Jim Wells’ comment about tensions inside the DUP on the issue, saying that he is “like the embarrassing uncle”, is illustrative. The DUP has a strong fundamentalist wing. However, a section of its leadership are nervous about the growing gulf between their policies and their support base’s  views on social issues.

The SDLP – a party which has prided itself on its anti-choice position – has been forced to organise a special conference to discuss if their public representatives should be allowed to vote with their conscience when it comes to abortion. This is already the approach of the UUP and Alliance. In reality, this is a hypocritical cop out – the only conscience which should dictate whether or not an abortion can take place is the pregnant person.

Sinn Féin has also been forced to call a special conference to discuss the issue of allowing unrestricted access to abortion up to 12 weeks.
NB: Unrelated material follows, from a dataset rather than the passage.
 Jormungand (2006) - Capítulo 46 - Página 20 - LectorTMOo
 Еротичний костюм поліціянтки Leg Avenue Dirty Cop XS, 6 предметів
Even after liberalising their abortion policy at the last Ard Fheis, they found themselves with a more conservative position than many Fianna Fáil and Fine Gael TDs. Despite facing opposition from anti-choicers in their ranks, it is likely Sinn Féin will be forced to shift their position to allow access up to12 weeks. Yet, Michelle O’Neil has also recently stated that Sinn Féin is “not in favour of abortions” and remains opposed to the extension of the 1967 Abortion Act to Northern Ireland, the most straightforward mechanism by which the right to choose could be won here. The party has been dragged along by the sea change in attitudes on this issue, rather than being an enthusiastic advocate of reproductive rights.

Learn the lessons from the South

The lesson of how abortion rights have been won and defended across the world is that a combative approach of mass mobilisation is necessary. In the South, the referendum was not handed down by the establishment – it was conceded under pressure from the major protests which have taken place since the tragic death of Savita Halappanavar in 2012, including the ‘Strike for Repeal’ movement which saw tens of thousands take to the streets on International Women’s Day last year.

As recently as 2013, the Dáil passed legislation that allowed for terminations only in very limited circumstances and which contained a 14-year prison sentence for anyone having or aiding an illegal abortion. Now, the Irish government is proposing unrestricted access to abortion up to 12 weeks. A key reason for this is the campaign of civil disobedience using abortion pills by ROSA and Women on Web. The abortion pill trains, buses and drones made a mockery of the law by aiding access to safe abortion, and illustrating that people were doing the same every day. As Dr Peter Boylan – former Master of the National Maternity Hospital – put it, “the genie is out of the bottle.” Conservative parties had to support access up to 12 weeks – the threshold under which the pills can safely be used – or face a backlash for continuing to criminalise large numbers of women.

Mass movement needed

Jeremy Corbyn’s support for extending the 1967 Act shows a concrete means by which abortion rights can be won. A Corbyn-led government should not wait for the support of right-wing, sectarian parties in Northern Ireland before extending abortion rights. Instead, it should be prepared to go over their heads. The more active and combative the movement in Northern Ireland is, the more likely Corby will feel pressure on this issue.

Young people and women have shown, particularly in the recent #IBelieveHer protests, that they are prepared to taken on sexism and are open to taking militant action. ROSA in the North will seek to replicate the campaign of civil disobedience that was so successful in the South. It is also important that trade unions take up this issue. A starting point would be to call a mass demonstration in the wake of the Southern referendum, as they did after the 2016 marriage equality victory in the South. This saw 20,000 take to the streets in Belfast and forced a number of MLAs to change their position on the issue, leading to the first majority vote for marriage equality at Stormont. If a movement is built on clear, cross-community basis, all the political parties and Westminster can come under pressure to act on this issue and the right to choose can be won.